#### MATERIAL TO PROCESS:
++++
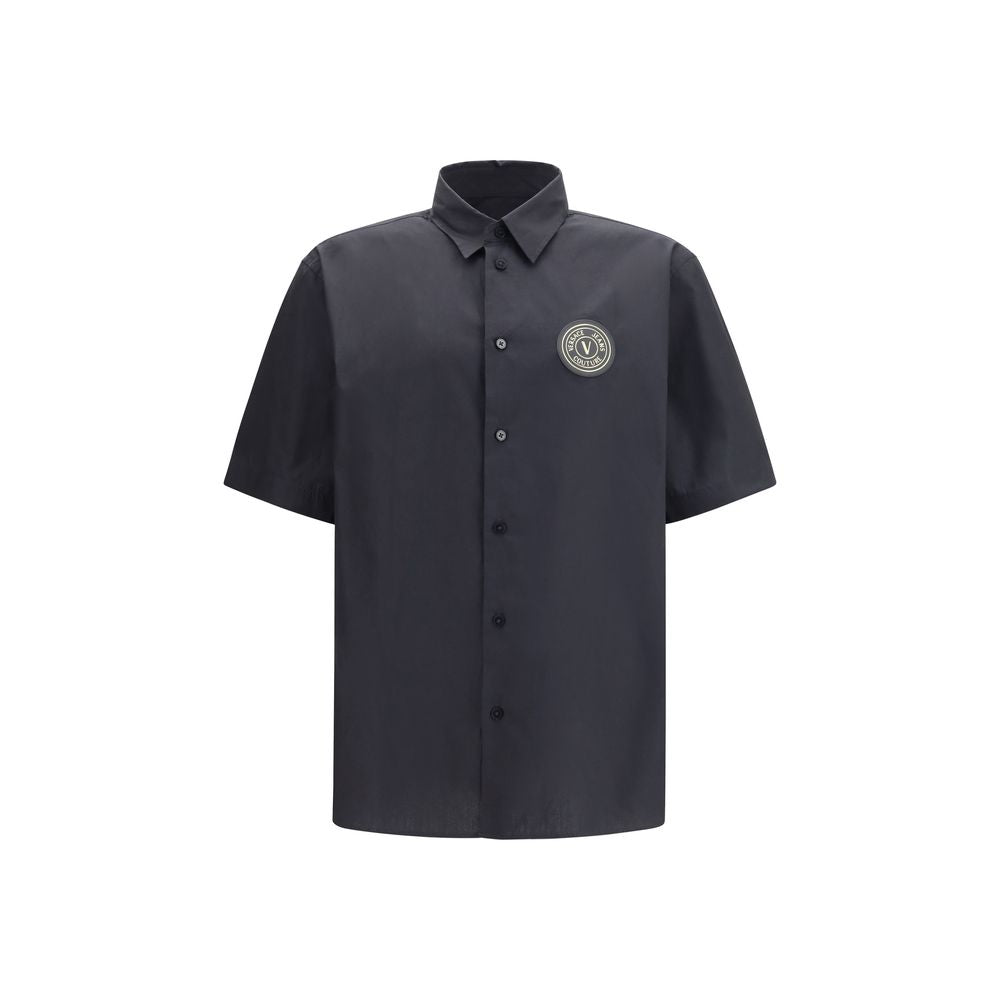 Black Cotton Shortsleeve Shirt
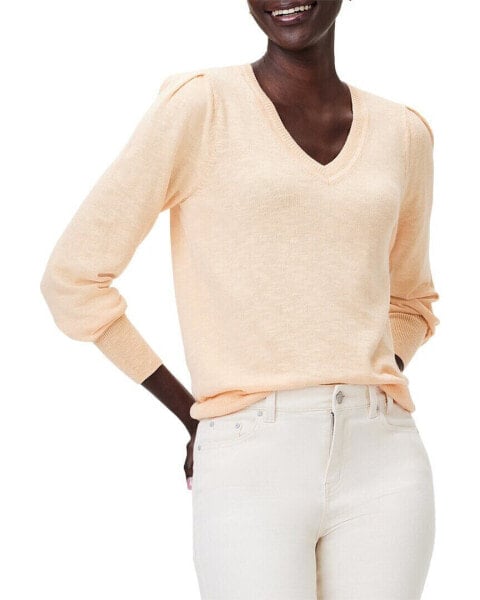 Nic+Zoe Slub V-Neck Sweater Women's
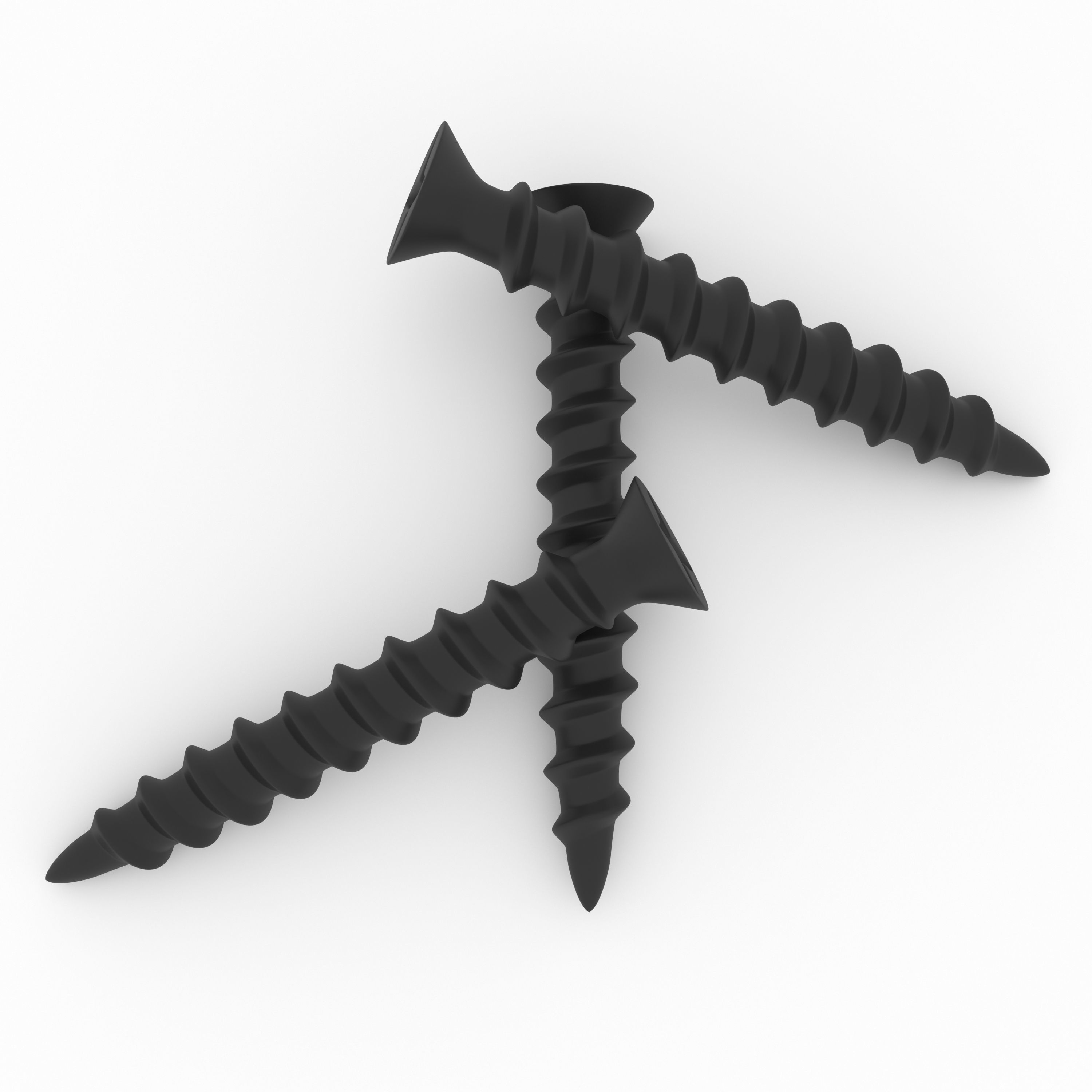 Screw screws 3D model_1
++++
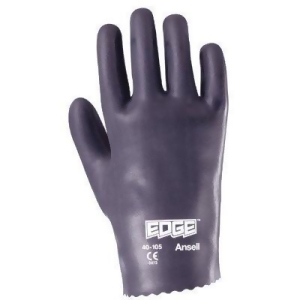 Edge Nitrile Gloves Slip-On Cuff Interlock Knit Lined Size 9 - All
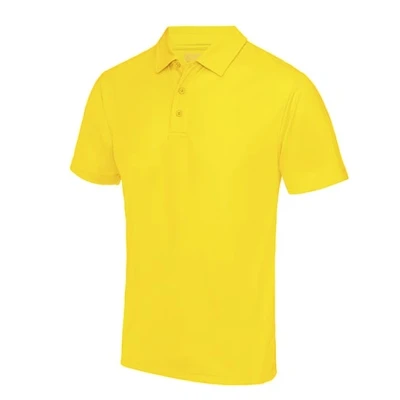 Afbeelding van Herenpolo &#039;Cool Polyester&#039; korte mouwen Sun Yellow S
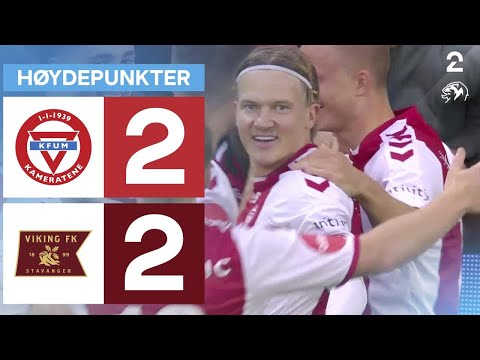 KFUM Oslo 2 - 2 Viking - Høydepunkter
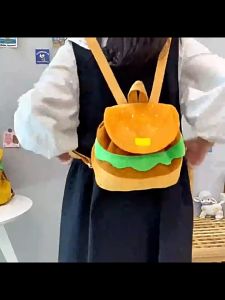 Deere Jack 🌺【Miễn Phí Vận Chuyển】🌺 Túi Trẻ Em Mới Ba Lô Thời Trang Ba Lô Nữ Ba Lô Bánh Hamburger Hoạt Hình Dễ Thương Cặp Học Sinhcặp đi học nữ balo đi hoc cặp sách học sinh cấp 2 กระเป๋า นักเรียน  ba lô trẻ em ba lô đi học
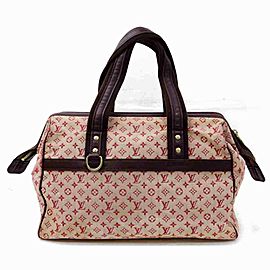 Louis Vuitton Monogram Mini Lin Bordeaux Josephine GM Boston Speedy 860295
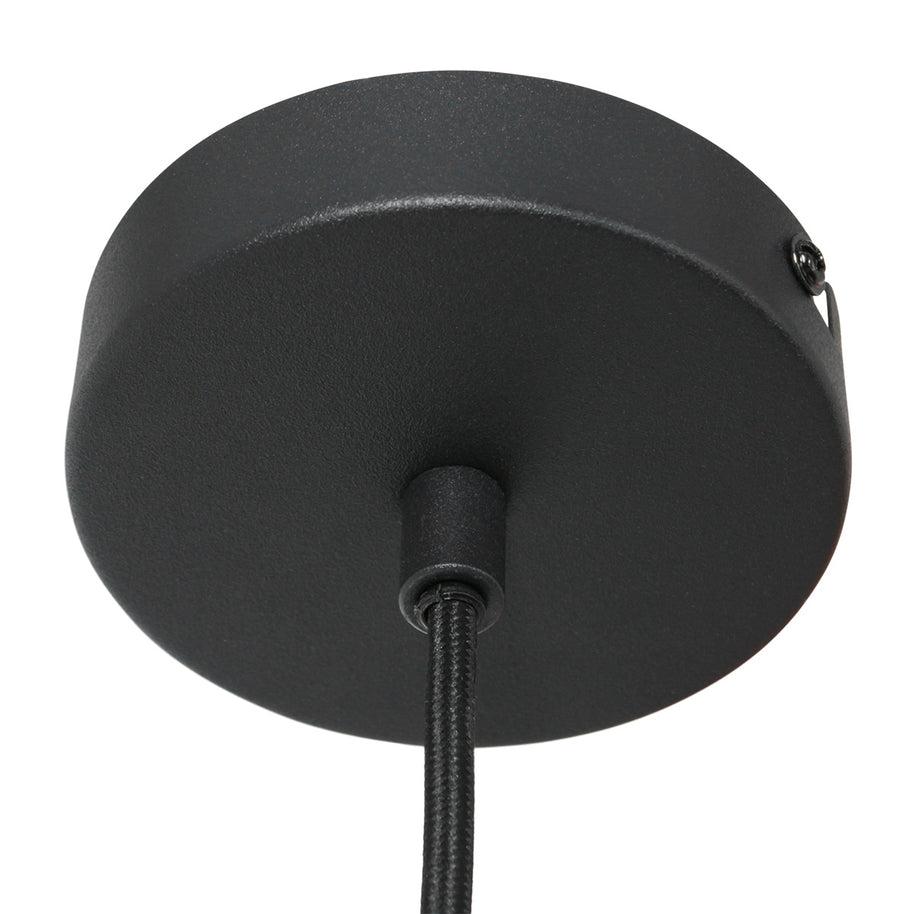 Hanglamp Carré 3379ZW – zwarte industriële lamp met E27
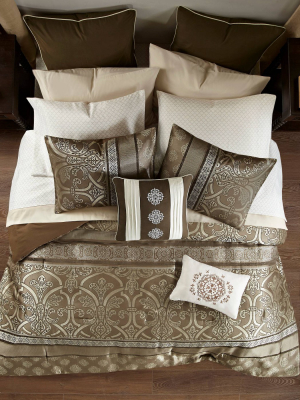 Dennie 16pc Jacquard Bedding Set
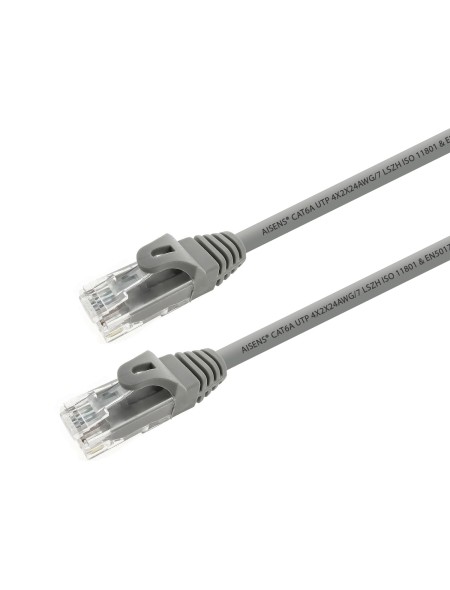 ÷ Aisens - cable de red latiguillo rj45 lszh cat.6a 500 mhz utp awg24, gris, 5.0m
++++
#### WORK REQUIRED:
Leaving each picture behind, please give again exactly the lines above from the one with "Black Cotton Shortsleeve Shirt" through the one with "Screw screws 3D model_1", both included, and no others.

#### EXERCISE RESULT:
 Black Cotton Shortsleeve Shirt
 Nic+Zoe Slub V-Neck Sweater Women's
 Screw screws 3D model_1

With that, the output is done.